What is Love Without Magic?
2013, text and audio files
I invited three psychologists, to analyze the human relations which lie beyond the spell and which would be revealed by “removing” it:
Darin Tenev (Literary critic interested in psychology, Professor at Sofia University, Bulgaria)
Cesare Pietroiusti (Professor of Fine Arts, Psychologist)
Radoslav Ivanov (Clinical psychologist, member of the Bulgarian Society of analytical psychology “K.G.Jung”)
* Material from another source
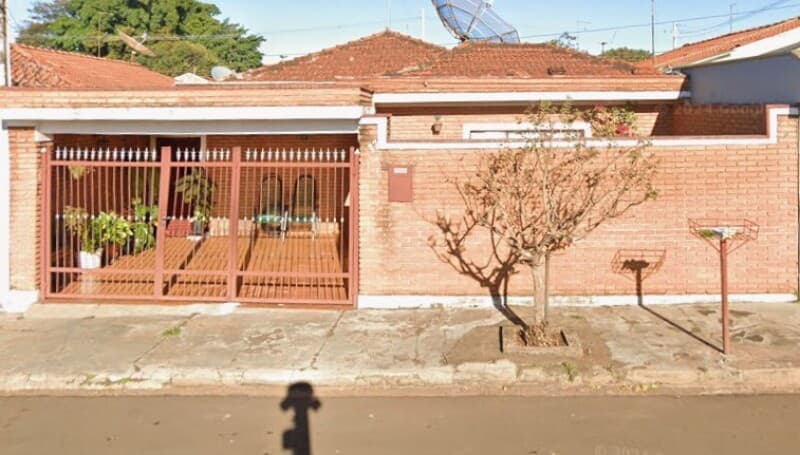 Foto 1 de 5: Casa em leilão em Cravinhos - SP, bairro Jardim Independência Ii — LOTE 001 CASA RESIDENCIAL localizada na Rua David Pieri nº 77 na cidade de Cravinhos/SP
Their analyses of the spell are collected in a folder, which accompanies the text on the wall.
“A Love Spell”
This is done in the following way: On a full moon night, when everybody is asleep, a woman well-versed in charms strips stark naked and in complete silence kneads and bakes a round loaf, without anyone noticing her. Then, still naked, she goes to a stackyard or a meadow, puts the loaf in the middle and has a bowel movement in three spots on its rim. Then she starts making all sorts of gestures and bodily movements, keeping her gaze on the full moon and beckoning it. The moon begins to darken in the sky and like a strange light starts descending to the ground, towards the loaf. The closer it gets to the ground, the more it looks like a nice roan cow, which finally puts its hooves on the round loaf. The woman milks red milk from the cow into a pot. Then she starts making gestures and bodily movements again, as if to take the cow back. The latter starts going back, its cow appearance gradually fading away and eventually appearing in the sky in its real form. Then the woman goes back home, kneads a new loaf with the red milk she had milked from the moon and only then she puts her clothes on. All should be done on a single night, all alone and in complete silence, and the woman should be golopara (stark naked). A piece of the moon milk loaf should be somehow given to a lad who does not love a particular girl, so that he loves her and makes her his wife, or to a maid who does not love a lad.”
The text was found in the book Collection of Folk Mindings and Folklore by brothers Dimitar and Kostadin Molerov, edited by Acad. Romanski and published in Sofia / Bulgaria in 1954.